▸ WORK ITEM:
Before you return the lines below, strip out any images and keep every word as written.

[Crawled caption data]
========================

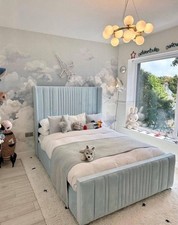 New Ottoman Bed Winged Plush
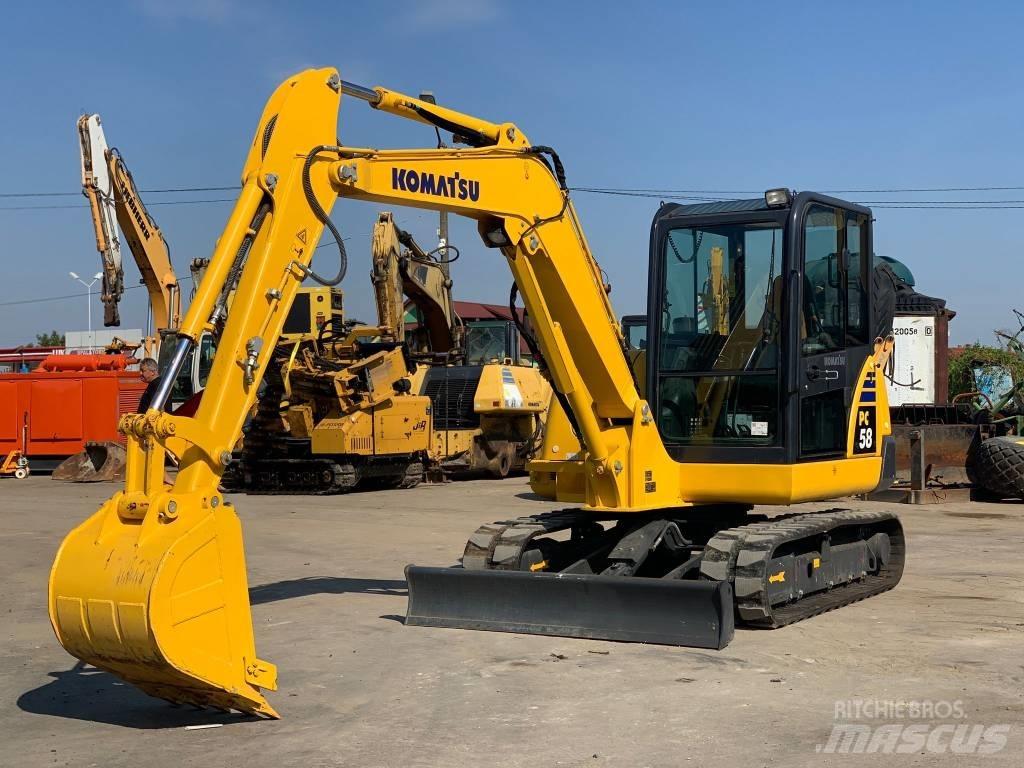 Komatsu PC58-8 Mini excavators < 7t (Mini diggers)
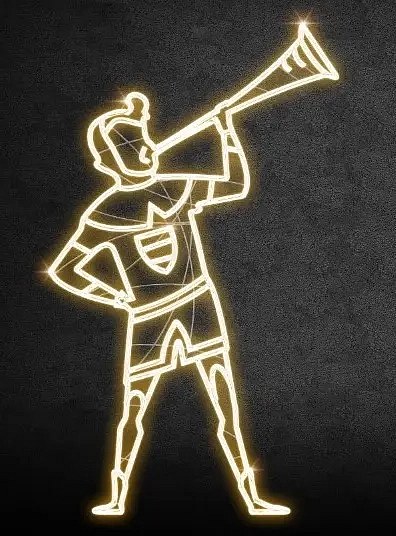 Easy Fix 2D-LED-Lichtschlauch, nach rechts blickend, 203 × 123 × 8 cm, stehend, 3D-gedruckt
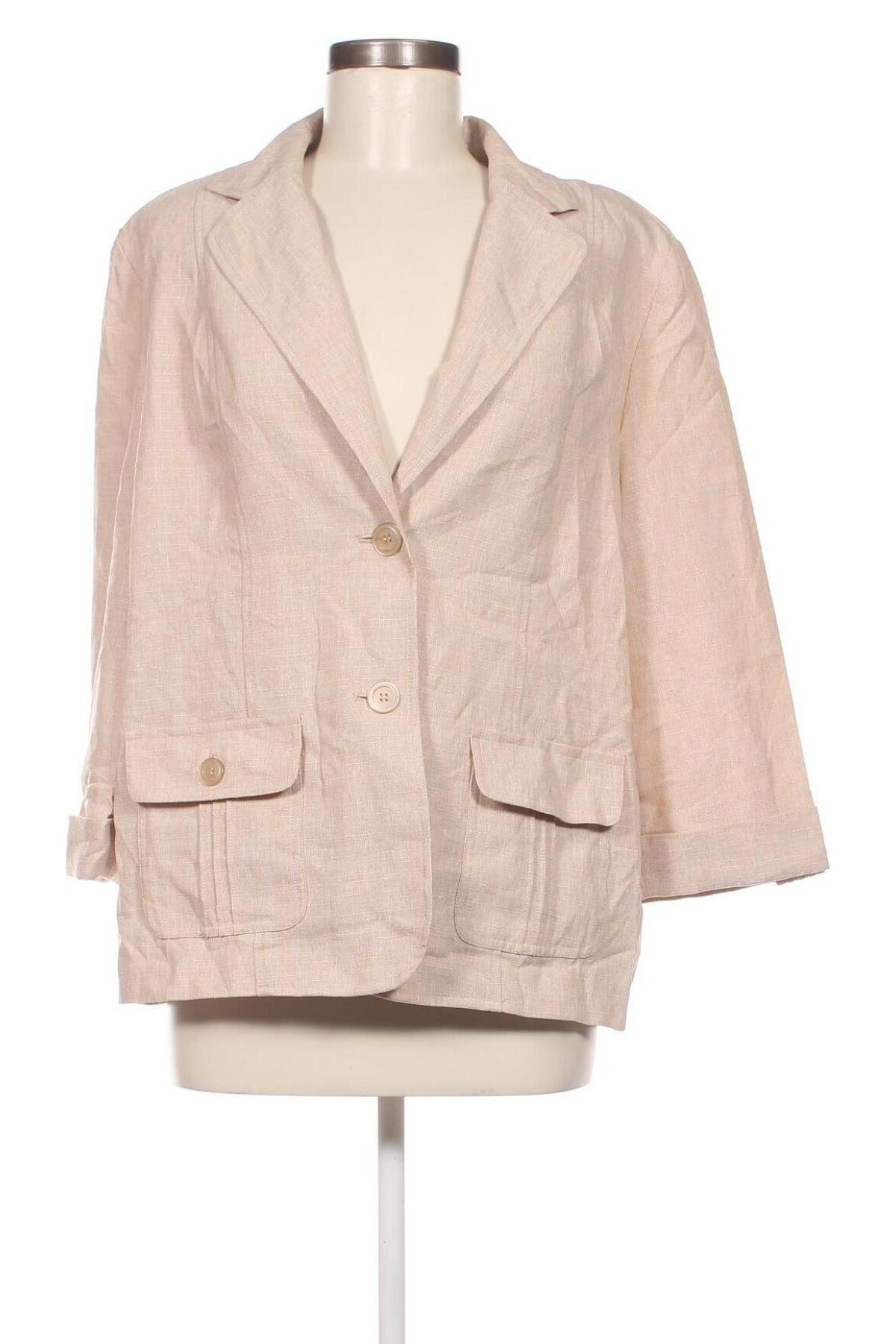 Γυναικείο σακάκι Alfred Dunner, Μέγεθος XL, Χρώμα  Μπέζ, Τιμή 6,26 €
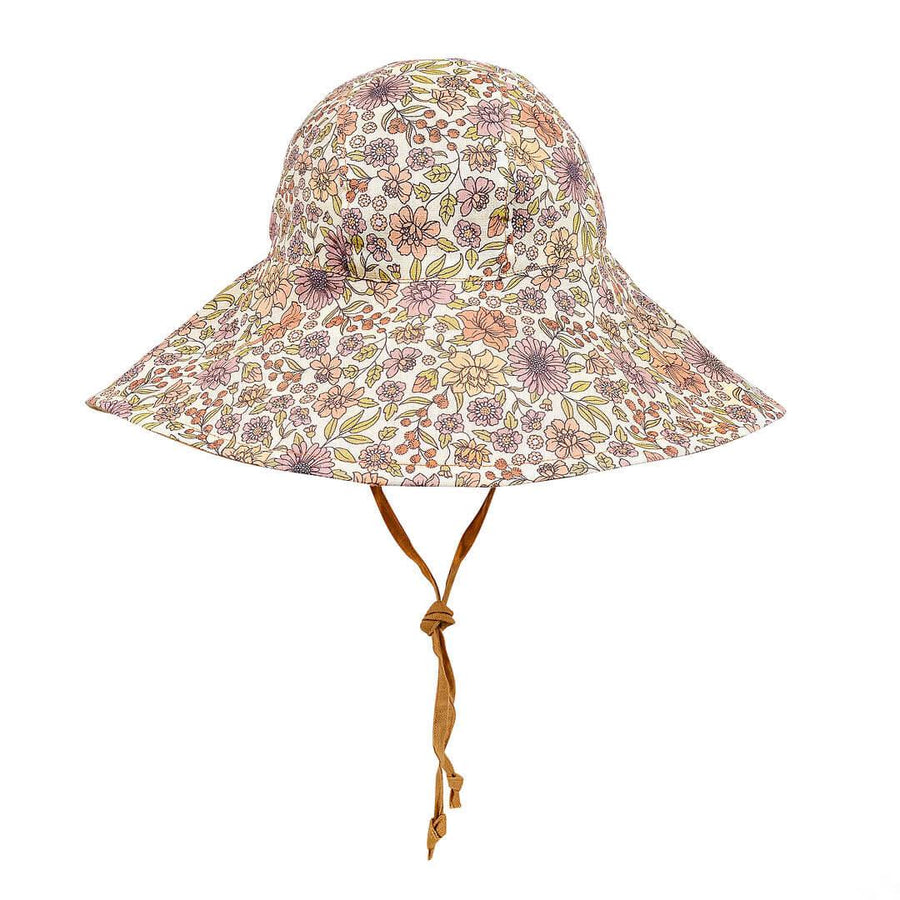 Bedhead Hats S Bedhead Girls Wide- Brimmed Sun Bonnet Hat- Matilda/Maize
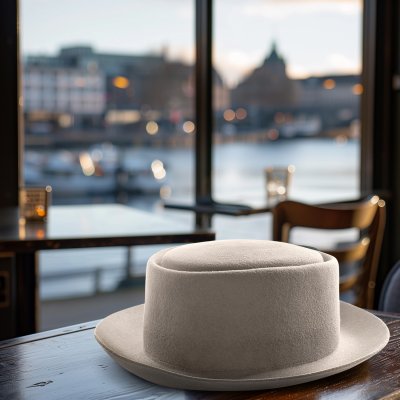 Hatter - Gårda Cairns Pork Pie (lysegrå)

========================

▸ RESPONSE TO THIS EXERCISE:
 New Ottoman Bed Winged Plush
 Komatsu PC58-8 Mini excavators < 7t (Mini diggers)
 Easy Fix 2D-LED-Lichtschlauch, nach rechts blickend, 203 × 123 × 8 cm, stehend, 3D-gedruckt
 Γυναικείο σακάκι Alfred Dunner, Μέγεθος XL, Χρώμα  Μπέζ, Τιμή 6,26 €
 Bedhead Hats S Bedhead Girls Wide- Brimmed Sun Bonnet Hat- Matilda/Maize
 Hatter - Gårda Cairns Pork Pie (lysegrå)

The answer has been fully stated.